What you need to do:
Every line from the one containing "VIDEO SENZATIONAL! Cel" to the end of the data below should be copied exactly, but pictures should not.

(Given material Opens)

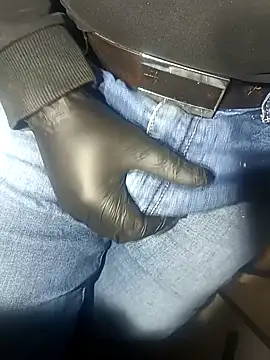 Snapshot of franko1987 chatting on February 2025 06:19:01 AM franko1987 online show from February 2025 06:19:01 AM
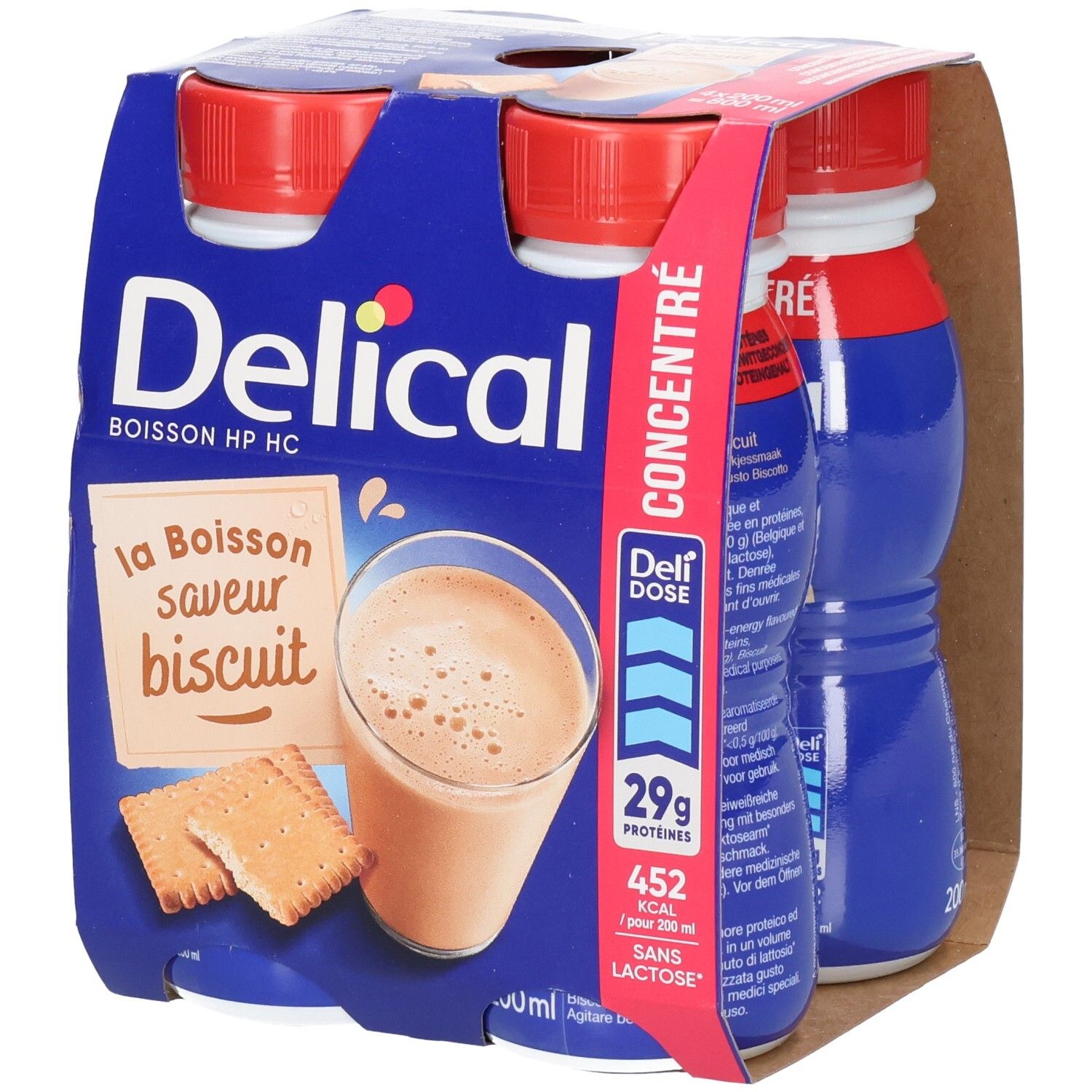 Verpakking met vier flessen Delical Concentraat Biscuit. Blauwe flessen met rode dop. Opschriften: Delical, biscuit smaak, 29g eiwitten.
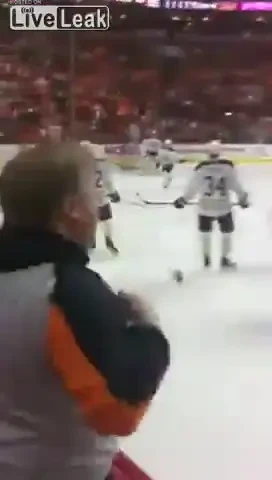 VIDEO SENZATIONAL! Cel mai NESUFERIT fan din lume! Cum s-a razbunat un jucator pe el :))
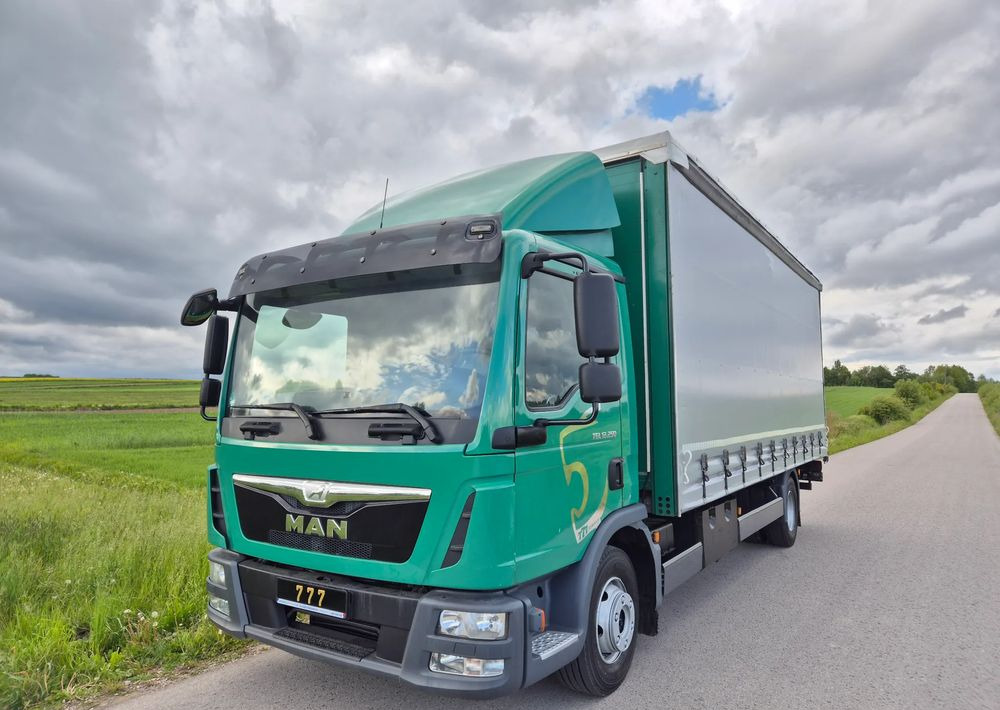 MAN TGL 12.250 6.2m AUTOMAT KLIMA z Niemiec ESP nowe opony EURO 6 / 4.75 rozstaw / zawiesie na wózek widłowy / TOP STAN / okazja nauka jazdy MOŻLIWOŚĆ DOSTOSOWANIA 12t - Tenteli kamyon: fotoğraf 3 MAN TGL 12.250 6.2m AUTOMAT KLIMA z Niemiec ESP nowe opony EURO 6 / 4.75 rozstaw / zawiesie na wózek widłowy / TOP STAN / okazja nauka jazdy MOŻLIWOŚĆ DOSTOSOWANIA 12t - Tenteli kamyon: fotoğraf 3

(Given material Closes)

Final answer:
 VIDEO SENZATIONAL! Cel mai NESUFERIT fan din lume! Cum s-a razbunat un jucator pe el :))
 MAN TGL 12.250 6.2m AUTOMAT KLIMA z Niemiec ESP nowe opony EURO 6 / 4.75 rozstaw / zawiesie na wózek widłowy / TOP STAN / okazja nauka jazdy MOŻLIWOŚĆ DOSTOSOWANIA 12t - Tenteli kamyon: fotoğraf 3 MAN TGL 12.250 6.2m AUTOMAT KLIMA z Niemiec ESP nowe opony EURO 6 / 4.75 rozstaw / zawiesie na wózek widłowy / TOP STAN / okazja nauka jazdy MOŻLIWOŚĆ DOSTOSOWANIA 12t - Tenteli kamyon: fotoğraf 3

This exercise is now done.